January 11, 2011
Fallout continues from AIDS Services for the Monadnock Region's recent distribution of safe-sex kits that included condoms, fruit-flavored lubricant, and candy at area high schools. ASMR Director Susan MacNeil said Thursday the organization will seek administrator approval before bringing the kits to high schools, and it will talk with school officials about letting parents opt their children out of ASMR presentations.
Last month, officials at Monadnock Regional High School gave written approval allowing the kits to be handed out during a World AIDS Day program. But school district board member Bruce Barlow said officials were unaware of the kits' contents. ASMR has since been barred from presenting HIV/AIDS programs at Monadnock High, the Union-Leader reported earlier.

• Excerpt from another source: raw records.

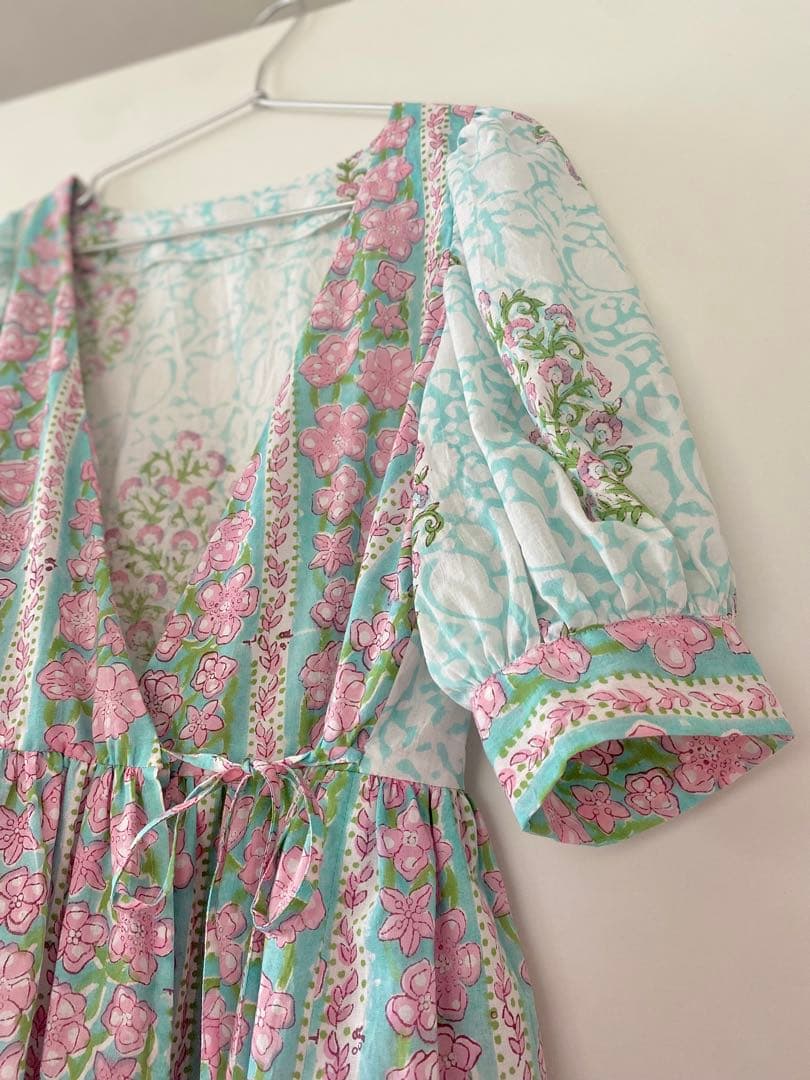 ラバリ風　カシュクールブラウス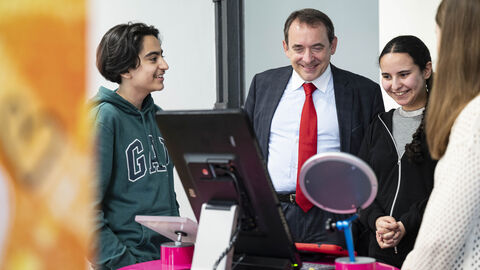 Kultusminister Lorz und Hessischer Handwerkstag stellen Erweiterung an Schulen vor 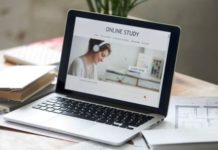 В Казахстане откроют онлайн-университеты компьютер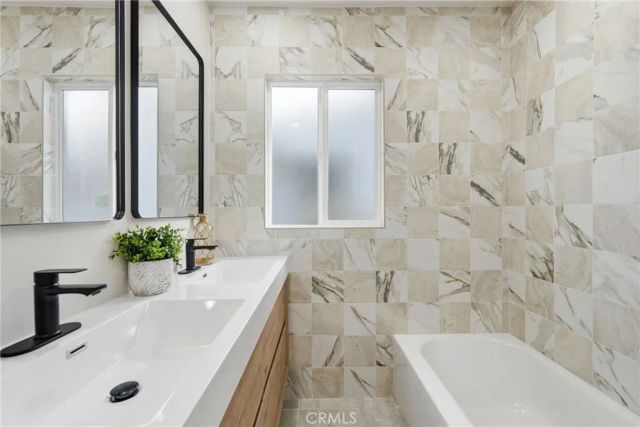 3675 Palo Verde, Long Beach, CA 90808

Barlow wrote in an e-mail, "If [ASMR] had had the grace to display the AIDS quilt and shut up, it would have remained a 'learning moment,' where students could take away their own message, rather than converting it into a 'teaching moment,' where the lesson [safe sex] is beaten into them through the kits."

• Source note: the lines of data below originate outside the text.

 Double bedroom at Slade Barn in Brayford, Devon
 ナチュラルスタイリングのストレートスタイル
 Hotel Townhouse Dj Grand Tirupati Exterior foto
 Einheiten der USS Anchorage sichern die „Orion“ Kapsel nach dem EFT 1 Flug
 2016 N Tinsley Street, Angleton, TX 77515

In November, ASMR passed out 200 kits during a program at Keene High School, said MacNeil. Though a team of Keene teachers approved the distribution, Principal Alan Chmiel halted the giveaways upon learning the kits' contents; the program continued.
"The Monadnock Regional School District does not encourage sex," Barlow stressed, and is reviewing its policies to prevent similar incidents.
ASMR said future kits will no longer include candy. "The piece of candy is just a piece of candy," said MacNeil, responding to charges from critics that it diminished the importance of safe sex or symbolized the enticement of children into sexual activity. "That's the last thing we wanted." Condoms and lubricant have historically been part of the kits, she added.